Hi analytics list,
In the past months the WikimediaBot convention has been mentioned in a
couple threads, but we (Analytics team) never finished establishing and
advertising it. In this email we explain what the convention is today and
what purpose it serves. And also ask for feedback to be sure we can
continue with the next steps.
What is the WikimediaBot convention?
It is a way of better identifying Wikimedia traffic originated by bots.
Today we know that a significant share of Wikimedia traffic comes from
bots. We can recognize a part of that traffic with regular expressions[1],
but we can not recognize all of it, because some bots do not identify
themselves as such. If we could identify a greater part of the bot traffic,
we could also better isolate the human traffic and permit more accurate
analyses.
Who should follow the convention?
Computer programs that access Wikimedia sites or the Wikimedia API for
reading purposes* in a periodic, scheduled or automatically triggered way.
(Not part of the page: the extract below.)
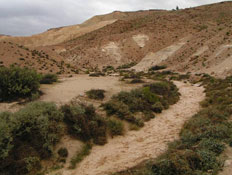 חולות ושבילים עם שיחים ירוקים (צילום: אור גץ)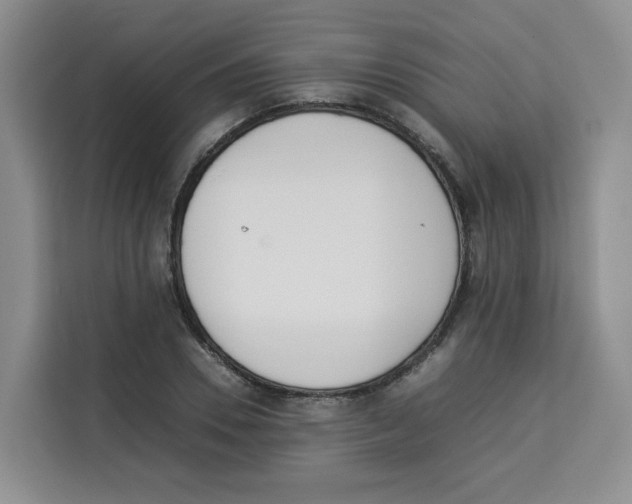 X0000113910930200910221330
Who should NOT follow the convention?
Computer programs that follow the on-site ad-hoc commands of a human, like
browsers. And well known spiders that are otherwise recognizable by their
well known user-agent strings.
How to follow the convention?
The client's user-agent string should contain the word "WikimediaBot". The
word can be anywhere within the user-agent string and is case-sensitive.
So, please, feel free to post your comments/feedback on this thread. In the
course of this discussion we can adjust the convention's definition and, if
no major concerns are raised, in 2 weeks we'll create a documentation page
in Wikitech, send an email to the proper mailing lists and maybe write a
blog post about it.
Thanks a lot!
(*) There is already another convention[2] for bots that EDIT Wikimedia
content.
[1]
https://github.com/wikimedia/analytics-refinery-source/blob/master/refinery…
[2]
https://www.mediawiki.org/wiki/Manual:Bots
--
*Marcel Ruiz Forns*
Analytics Developer
Wikimedia Foundation